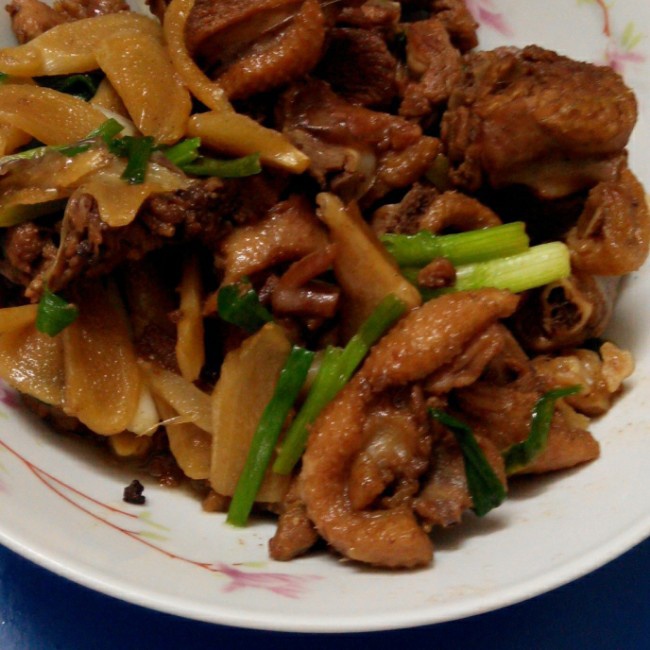 子姜焖鸭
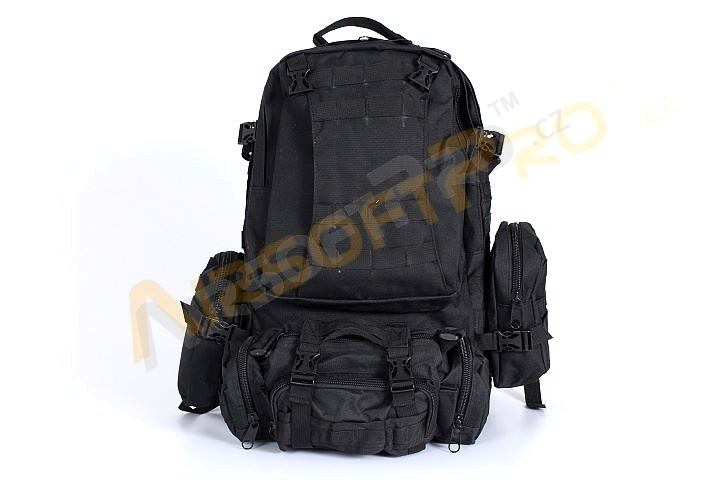 45L Combat combine hátizsák táska - fekete [A.C.M.]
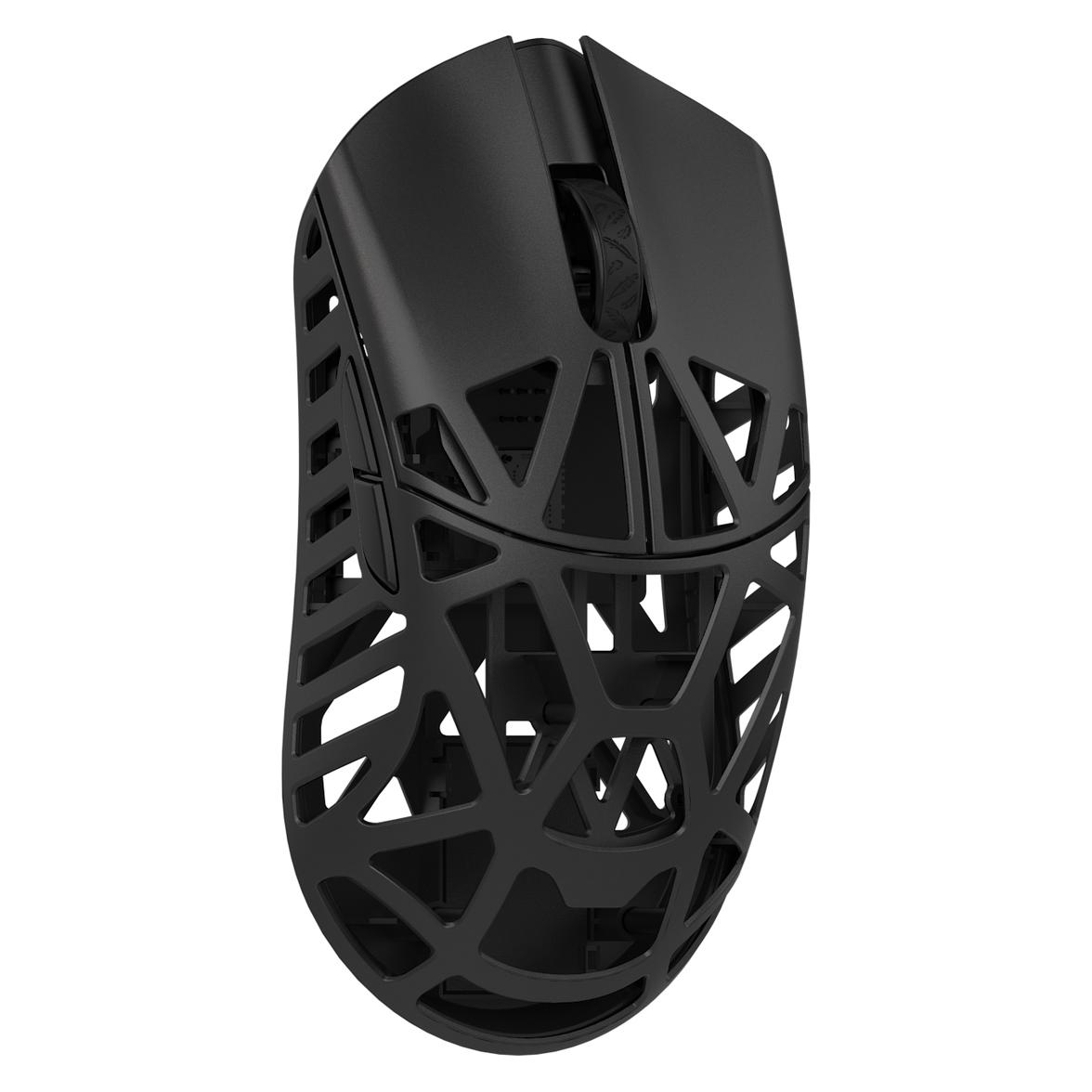 WLMouse Beast X Max Solid Sides - Black (Omron Optical) Wireless 8K Magnesium Mouse (Kabelgebunden, Kabellos) (MAXHEI-O-SHIXIN)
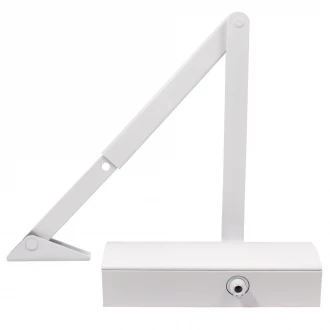 Дверной доводчик Geze TS 1500 с коленной тягой белый 80 кг - Фурнитура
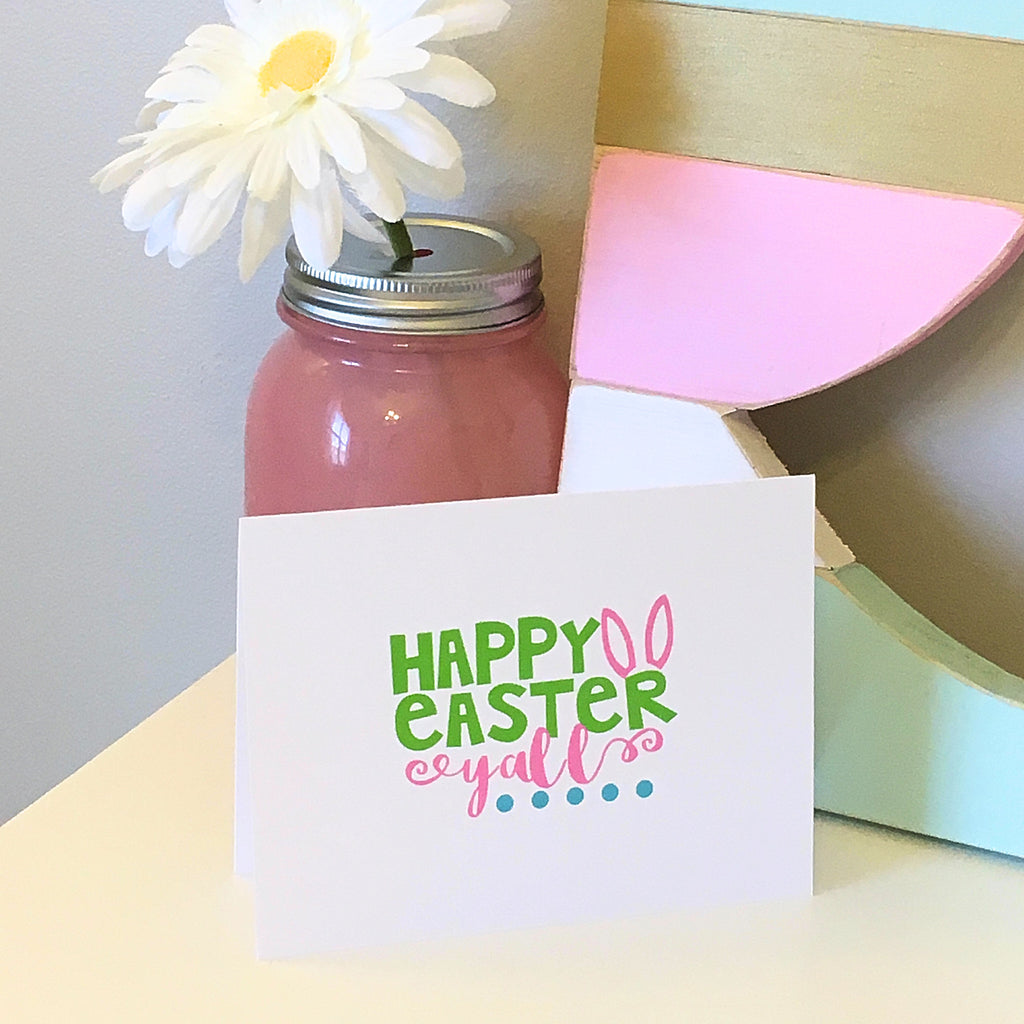 Happy Easter Y'all Notecards
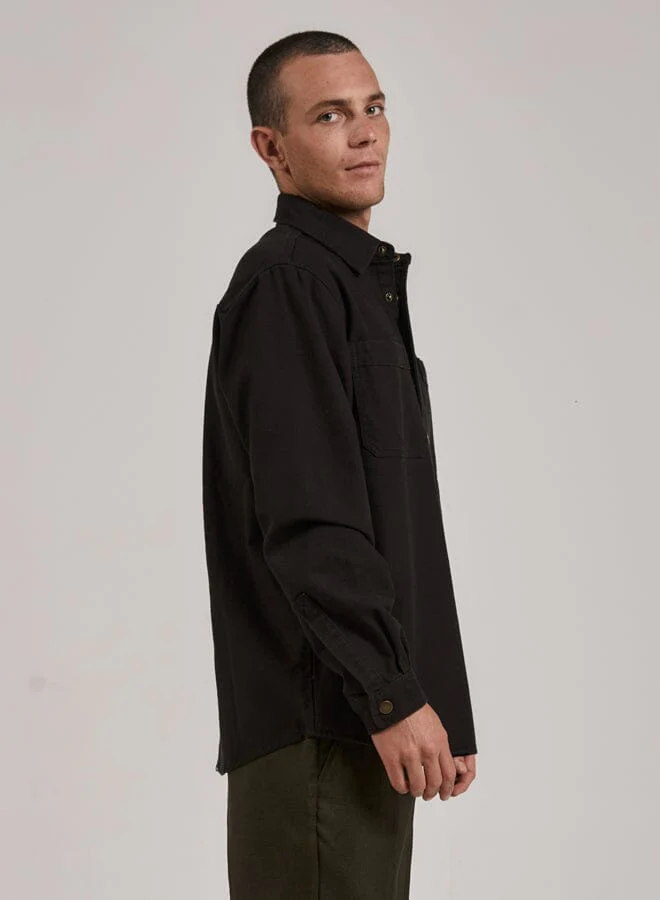 Control Overshirt - Black - Image 4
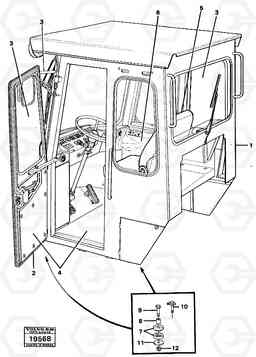 29601 Drivers cab L50 L50 S/N -6400/-60300 USA, Volvo Construction Equipment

• [Your objective]: Return the data verbatim, leaving out the pictures it holds.

• [Answer section]:
 子姜焖鸭
 45L Combat combine hátizsák táska - fekete [A.C.M.]
 WLMouse Beast X Max Solid Sides - Black (Omron Optical) Wireless 8K Magnesium Mouse (Kabelgebunden, Kabellos) (MAXHEI-O-SHIXIN)
 Дверной доводчик Geze TS 1500 с коленной тягой белый 80 кг - Фурнитура
 Happy Easter Y'all Notecards
 Control Overshirt - Black - Image 4
 29601 Drivers cab L50 L50 S/N -6400/-60300 USA, Volvo Construction Equipment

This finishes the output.